从公司治理结构的角度来看,对企业管理层权利的适当限制就是对投资人权利的保护。为实现上述目的,美国风险投资机构与创业企业签订的投资合同都规定或有选择地规定下列条款:
第一,选举权分配条款。与一般的优先股持有人不同,美国的风险资本家通常都拥有选举权,即拥有选举一定数量的公司董事的权力。风险投资家拥有了选举权以后,便可以通过自己的代理人及时了解公司的经营管理状况、直接参与重大事项的决策活动,从而更好地进行风险控制。

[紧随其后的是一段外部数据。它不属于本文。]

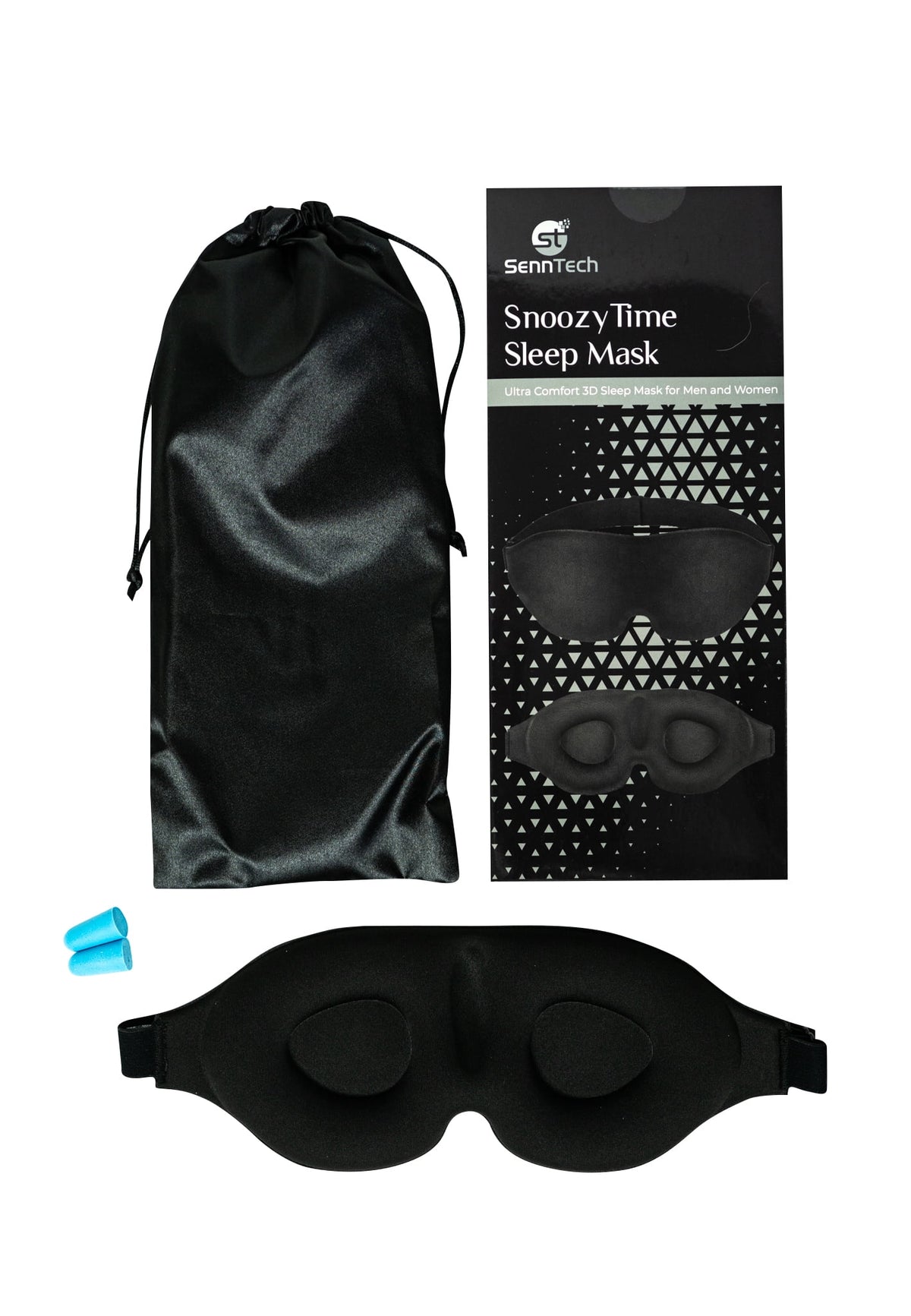Blackout Sleep Mask in Black with Memory Foam Padding for Travel and Rest - Image 6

第二,股权转让条款。在出现特定情况时,股权转让条款能够为风险投资机构提供一种可以动用的保护手段。其具体形式包括以下四种:第一,回购条款。该条款赋予风险投资家可以按照事先约定的价格抽回资金的权利。第二,解锁(unlocking)条款。该条款一般都规定,如果管理层否决了投资人对外出售自己所持有的公司股份的动议,则必须按同等条件购入相应的股权。第三,逆收购条款。该条款规定投资人可以按事先约定的价格买入管理层所持有的公司股权,并从而完全获得对公司的控制权。第四,共售条款。该条款是防冷落(and-freezeout)条款的一种类型,即规定除非所有投资人都收到了相同的要约,否则公司管理层不得单独对外出售所持有的公司股权。

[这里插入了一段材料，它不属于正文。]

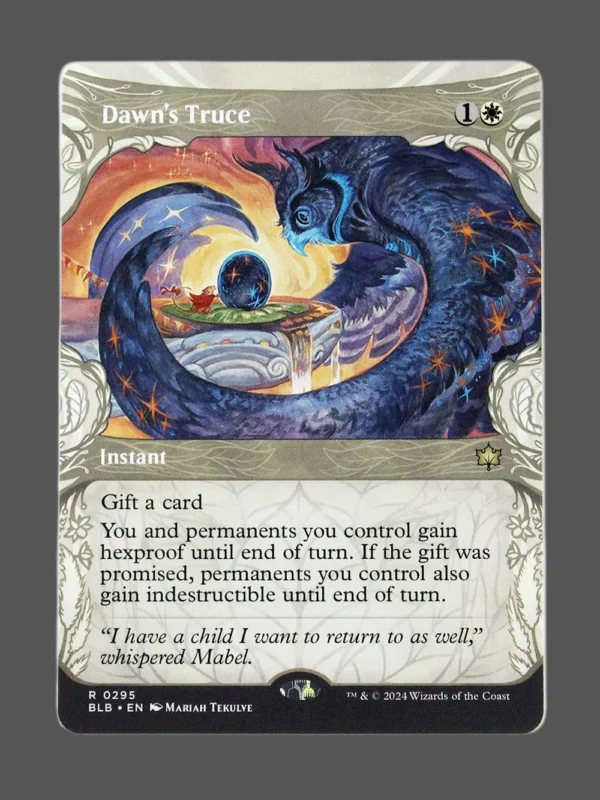 Dawn's Truce Holo MTG proxy card from Bloomburrow #295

第三,限制企业家行为的条款。美国风险投资合同所要限制的企业家行为主要包括两种:第一,内部交易行为。包括管理层报酬的确定、股息的支付、内部人股权的回购、给内部人的贷款等。第二,直接或间接危害公司市场地位的行为。为获得风险资本注资,创业企业家必须承诺,在其工作期间以及退出公司两年之内不得从事与公司竞争的事务。在投资合同中做出如上规定的目的是防止企业家滥用商业秘密和知识产权。部分投资合同甚至对营销主管、财务主管、技术专家等公司核心雇员也提出了类似的要求。
第四,反股权稀释条款。所谓股权稀释就是指普通股或优先股转换权的贬值。反股权稀释条款的核心内容是,防止因公司低价发行新股而造成原有企业股东资产缩水。为防止股权稀释现象的发生,美国的风险投资合同一般都作出如下规定:第一,企业老股东拥有先占权。在企业发行新股时,包括优先股持有人在内的企业老股东,有权保持他们在企业股权总额当中原有的股权比例,即可以按与其他购买者相同的条件购买与其原有份额相同比例的新股权。第二,赋予优先股以调整转换价格的权利。给予老股东以先占权并不能完全保护其利益,因为老股东很可能无法支付购买新股权的资金。正是考虑到这一问题,部分投资和约规定,在发生股权稀释现象时,应该增加优先股所能够转换到的普通股的数量。
第五,信息披露条款。信息披露条款的主要内容是赋予投资人以更多的了解企业经营状况信息的权利。尽管信息披露本身并不会带来直接的实际利益,但却有助于投资人全面地评估企业家的经营管理能力、企业的实际运作情况等。风险投资家获得这些信息,就可以灵活地决定是否进行后续投资或惩处表现不佳的企业家,从而就增强了对企业家的威慑力,并在一定程度上降低监督成本。正是基于上述理由,风险投资合同所规定的信息披露条款比一般上市公司所遵循的信息披露规则都更严格,即时间间隔更短、内容更广泛、投资人的权力更大。
三、几点结论及启示
通过对美国风险资本运作过程治理结构的分析,我们可以得出以下结论及启示:
第一,创业企业的治理结构是一种典型的“积极股东主义”的治理模式。在我国前一段时期出现的知识经济热中,部分学者沿着加尔布雷斯提出的“权力归于最难获得或最难替代的要素”的思路,提出随着知识经济的发展将出现劳动雇佣资本的时代。(方竹兰,1997;洪志敏,1998年)美国风险资本的投资对象企业应该说是最典型的知识型企业。但通过本文的分析我们可以发现,投资人——风险资本家总是积极地、全方位地介入被投资企业的经营管理活动,而不是任由创业企业家自由地进行资金运用。所以,这些知识型企业的治理结构比股东通过“以脚投票”(一般认为,美国企业股东主要通过股权的买卖来约束企业的经营者)来制约企业经营者表现出了更高的积极影响力。进一步讲,劳动雇佣资本这种“新”的企业权力结构并没有因为知识经济的发展而出现,无论知识对企业的经营以及整个社会经济发展的重要性有多大。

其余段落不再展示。